Subject: Re: Cloning bdev/cdev devices, step one
To: Bill Studenmund <wrstuden@zembu.com>
From: Chuck Silvers <chuq@chuq.com>
List: tech-kern
Date: 07/09/2000 10:10:05
On Fri, Jul 07, 2000 at 01:33:26PM -0700, Bill Studenmund wrote:
> On Thu, 6 Jul 2000, Chuck Silvers wrote:
> 
> > this sounds like a fine thing to me.  making devices less tied to
> > dev_t internally in the kernel is a good thing, since dev_t is really
> > just a kludgy way of representing a device in a filesystem.
> 
> Uhm, how is it kludgy? Hasn't it been that all unix has needed to
> represent/specify a device has been is the dev_t? I mean, hasn't it been
> that that's been the canonical specifier? :-) If dev_t is the canonical
> specifier, how is using dev_t in the kernle a kludge? :-)

it's not dev_t in the kernel that I'm complaining about, it's dev_t in
general as a way to uniquely identify a device.  I mean, originally dev_t
was a 16-bit value, and expanding it to 32 bits was a source of much
discontent when that happened in netbsd a while back.  your example of
changing the number of paritions in a scsi device is another case where
the limitations of dev_t cause strife.  some devices also chop up the
minor number in funny ways, like tapes have no-rewind bits, etc.
the whole thing just seems very clunky.

however, since dev_t is part of various standard unix APIs, we're stuck
with it in interfaces.  but internally we can try to minimize the impact.

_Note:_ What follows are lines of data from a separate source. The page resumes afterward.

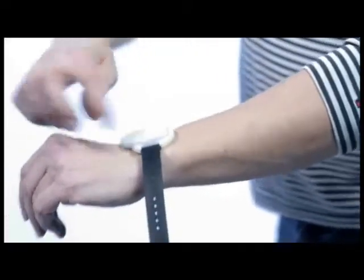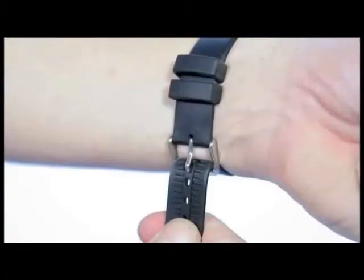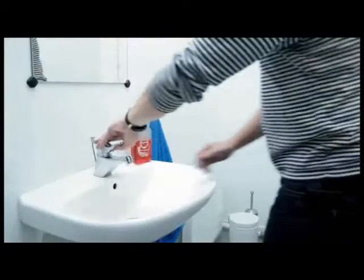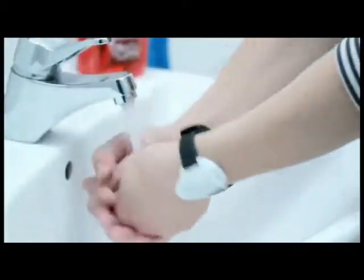It does not matter whether the sensor points forward or backward, and it can be worn on the left or right wrist, but must not be too loose. The armband can be worn while washing hands, but should be removed before showering.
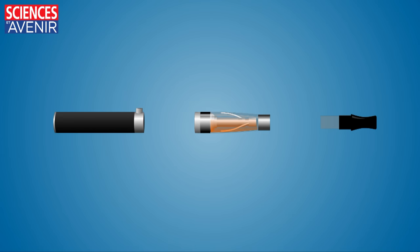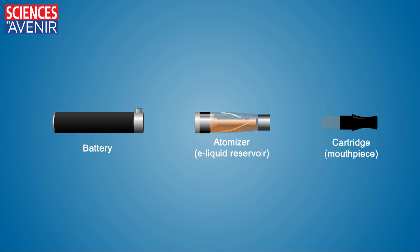The device consists of several parts: a battery, an atomizer in which there is an e-liquid, and a cartridge or mouthpiece.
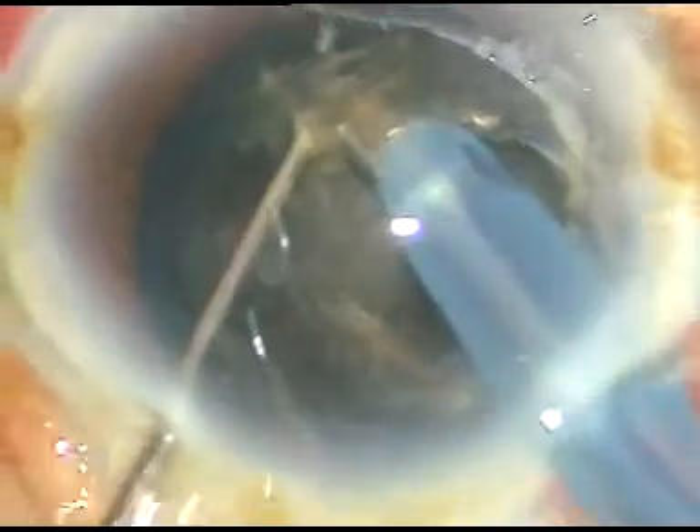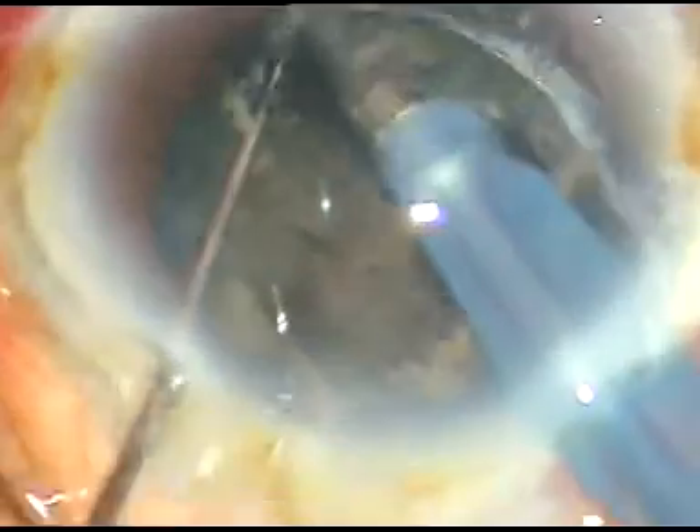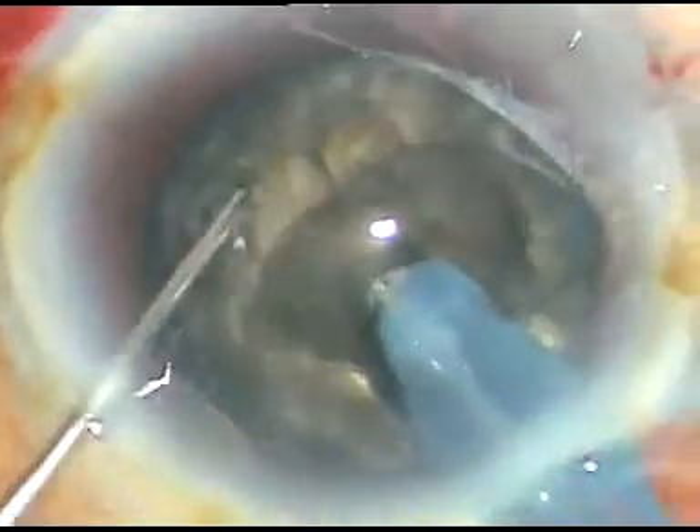Now I am trying to chop the nucleus. This is the first chop — I engaged at the edge of the crater and made this chop. Now I am rotating it 180 degrees, going to the other side, holding the nucleus here and trying to separate it. I want to divide this nucleus into two hemi-nuclei. Yes, it has divided into two hemi-nuclei.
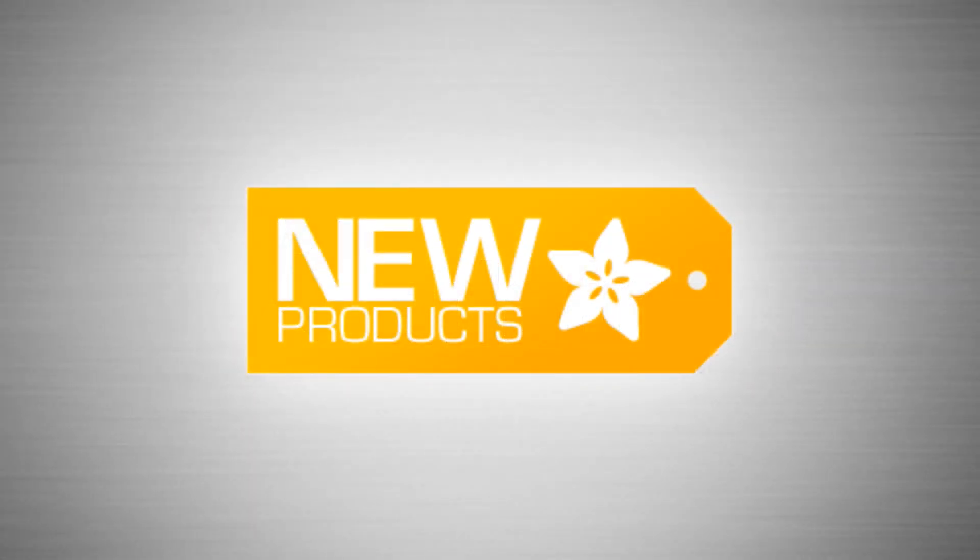It's new product time! Let's get through the ones that are just photos really fast.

> > I wonder thought, is there any value in providing the glue to be able
> > to refer to the cookie as a vnode field?  v_rdev looks to be there
> > more for backward compatibility than anything else, but this is something
> 
> It's been there since the initial import from Berkeley, so we'd need their
> source control logs to see the real history. But I think it means
> "real" device, as opposed to the dev_t on disk.
> 
> 99.9% of the time, the two are the same. But if we go to 64 partitions per
> disk (using new major numbers), then they won't necessarily be the
> same. I expect that what we will do is map the 8/16 partition devices to
> the equivalent 64 partition device. So for things like sd0a, the inode
> will still have the 8/16 partition major, while the vnode's v_rdev will
> have the 64-partition major number. That way the right thing happens if
> there's an sd0a on disk with the 64-partition major number.

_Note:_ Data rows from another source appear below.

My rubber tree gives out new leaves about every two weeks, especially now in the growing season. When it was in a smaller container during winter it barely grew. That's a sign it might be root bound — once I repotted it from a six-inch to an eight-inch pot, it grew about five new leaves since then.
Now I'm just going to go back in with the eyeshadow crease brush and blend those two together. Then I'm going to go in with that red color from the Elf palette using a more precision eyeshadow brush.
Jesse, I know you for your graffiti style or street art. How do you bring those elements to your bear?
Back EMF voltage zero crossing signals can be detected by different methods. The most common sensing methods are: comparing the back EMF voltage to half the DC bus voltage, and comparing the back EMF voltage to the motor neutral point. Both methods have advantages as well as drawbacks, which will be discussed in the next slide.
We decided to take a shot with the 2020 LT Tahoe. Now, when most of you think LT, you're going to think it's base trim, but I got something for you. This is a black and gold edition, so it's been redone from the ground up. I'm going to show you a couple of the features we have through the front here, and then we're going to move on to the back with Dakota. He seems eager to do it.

so how would you make a device node on disk to represent the 34th partition?

in stat(), st_dev vs. st_rdev distinguishes the device that a device node
lives in vs. the device that the device node refers to.  but that has
nothing to do with vnode fields.  I'm only talking about the in-kernel
data structures here, not what's visible to applications.

btw, I would hope that we will get away from the current notion of a fixed
number partitions per disk at some point and move to a more volume-oriented
design. I imagine raidframe does something reasonable here but I haven't
looked at it yet.  clearly some environments (eg. embedded stuff) won't
want the overhead of a volume-management system, but others (eg. ISPs)
would gladly pay the price for the increased flexibility.  I think what
I mean here is that our default install should create filesystems in
volumes (or whatever raidframe calls them) rather than directly in
device partitions, or at least have an option to do this.
but this is a separate discussion.


> Also, I suspect that the /dev/console vnode used to have the real console
> device's dev_t shoved into its vnode. Nowadays, our console driver just
> hangs onto a vnode with the right dev_t in it. Note: this is all done so
> that sys_revoke() works right.
> 
> > new so there is no previous name to be compatible with.  the same would
> > have held for the other v_ aliases defined along with v_rdev, but I guess
> > whoever was doing that was trying to be consistent.  my take on that
> > is that it's confusing the namespaces of vnodes vs. devices and it would be
> > better to not pretend those are vnode fields, but that's pretty subjective.
> 
> I've dug into all of this fairly deply, to get layered device nodes to
> work. And it does make sense. :-) Think of them as vnode fields which are
> only valid if you have a device node. Anything in the vfs systems which
> sees a character or block vnode knows that these fields are there. They
> are also vnode fields in that they are a public interface to the node (as
> opposed to the fs-specific private stuff).
> 
> :-)
> 
> Note: if we do put the cookie in the vnode, I think it should go in struct
> specinfo, and get a v_devcookie define too. Mainly because it helps memory
> scaling. We only need these fields for devices. With them in struct
> specinfo, we only allocate space for them for each seen device. If we put
> it in struct vnode, then we allocate that space always. I haven't done
> counts, but I expect most systems to have a LOT more vnodes than device
> vnodes. :-)

yes, I understood that the new field would really live in struct specinfo.
my point is just that since the device info is available as
vp->v_specinfo->si_foo, what's so great about referring to it as vp->v_foo?
everything that would use vp->v_foo already has to make sure that it's
operating on a device vnode, so why clutter the namespace?

-Chuck


> > perhaps it would be useful to sketch out an example of how this scheme would
> > work so that the details would be clearer.  I know that matt thomas was
> > advocating a different scheme (and perhaps other people have other ideas),
> > and if we had examples of how each of them would accomplish their goals
> > we'd have a better notion of their benefits.
> 
> I'm awaiting Jason's sketch too. I really like the idea of being able to
> add ccd's on the fly (the part shown so far). I'm a bit worried about
> swapping out vnodes in upper layers (since we'd have to either special
> case certain device major numbers, or we'd have to be passing struct
> vnode ** into VOP_IOCTL() so the device could do it), but it might work
> well.
> 
> Take care,
> 
> Bill